** Exercise materials **
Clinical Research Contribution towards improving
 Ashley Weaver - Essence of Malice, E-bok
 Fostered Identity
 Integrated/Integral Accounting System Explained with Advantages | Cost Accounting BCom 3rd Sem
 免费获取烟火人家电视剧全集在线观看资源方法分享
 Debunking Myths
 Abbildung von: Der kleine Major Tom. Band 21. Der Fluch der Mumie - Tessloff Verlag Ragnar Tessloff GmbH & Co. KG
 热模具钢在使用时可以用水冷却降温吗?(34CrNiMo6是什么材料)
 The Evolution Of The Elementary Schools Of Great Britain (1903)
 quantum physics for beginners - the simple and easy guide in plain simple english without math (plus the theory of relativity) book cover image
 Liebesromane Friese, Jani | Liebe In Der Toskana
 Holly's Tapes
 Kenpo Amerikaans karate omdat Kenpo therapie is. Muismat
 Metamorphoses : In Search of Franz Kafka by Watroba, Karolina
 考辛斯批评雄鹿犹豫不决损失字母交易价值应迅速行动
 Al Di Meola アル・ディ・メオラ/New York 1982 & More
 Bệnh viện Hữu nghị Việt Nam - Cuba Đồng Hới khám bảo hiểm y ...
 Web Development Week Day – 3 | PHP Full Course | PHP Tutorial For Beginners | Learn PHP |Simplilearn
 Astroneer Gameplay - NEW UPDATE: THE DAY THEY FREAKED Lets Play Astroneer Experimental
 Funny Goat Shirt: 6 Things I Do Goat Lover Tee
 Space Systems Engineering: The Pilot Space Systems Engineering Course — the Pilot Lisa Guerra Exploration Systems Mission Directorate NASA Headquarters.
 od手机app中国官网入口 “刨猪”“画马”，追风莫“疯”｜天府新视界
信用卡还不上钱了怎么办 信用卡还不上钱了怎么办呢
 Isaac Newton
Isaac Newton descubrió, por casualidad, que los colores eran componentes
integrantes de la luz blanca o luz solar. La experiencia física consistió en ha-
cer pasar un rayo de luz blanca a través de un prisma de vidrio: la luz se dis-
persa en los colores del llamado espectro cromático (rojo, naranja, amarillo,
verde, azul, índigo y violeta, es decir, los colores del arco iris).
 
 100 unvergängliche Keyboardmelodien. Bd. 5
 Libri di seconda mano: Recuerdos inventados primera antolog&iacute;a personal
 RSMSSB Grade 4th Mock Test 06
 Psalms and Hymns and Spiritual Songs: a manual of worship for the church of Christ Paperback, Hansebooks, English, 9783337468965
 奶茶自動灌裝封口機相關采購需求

** Your instructions **
What lines in the data above carry "blanca"? Return them all.

** Answer **
integrantes de la luz blanca o luz solar. La experiencia física consistió en ha-
cer pasar un rayo de luz blanca a través de un prisma de vidrio: la luz se dis-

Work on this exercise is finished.